Descanso Gardens 2015
For this project I collaborated with sculptor Patrick Nickell for the exhibition Oasis curated by John O’Brien. We composed and photographed a series of tableaux at several locations in Descanso Gardens, using locations that were off the beaten path and featured aspects of both the natural and built environment in order to suggest a special habitat; an oasis.
Each of the garden tableaux incorporated a photographic poster of a California endangered species from the US Fish and Wildlife web site and one of Nickell’s sculptures. The sculptures were selected for their material qualities, strong color, and organic forms, serving as a link between the cultivated landscape of the garden and the 2-D images of the endangered animals. The final photographs, with their interplay of elements and inherently altered spatial quality, represent the invention of a new kind of habitat– an ambiguous oasis that raises questions as well as offers sanctuary.

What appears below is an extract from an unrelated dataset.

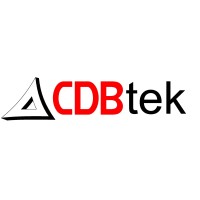 CDB Tek Services Inc. Logo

We also made a related outdoor work in the Descanso camellia forest that presented one of Nickell’s sculptures with a photographic banner depicting the endangered San Joaquin kit fox. Visitors encountered this 3-D installation work as they strolled through the garden, and could also see a photographic 2-D version in the Sturt Haaga Gallery that used the same elements but to an entirely different effect. Both iterations offered a distinct experience that generated fresh insights into the garden as a special place that can be both wild and cultivated, indoors and outdoors, real and imagined.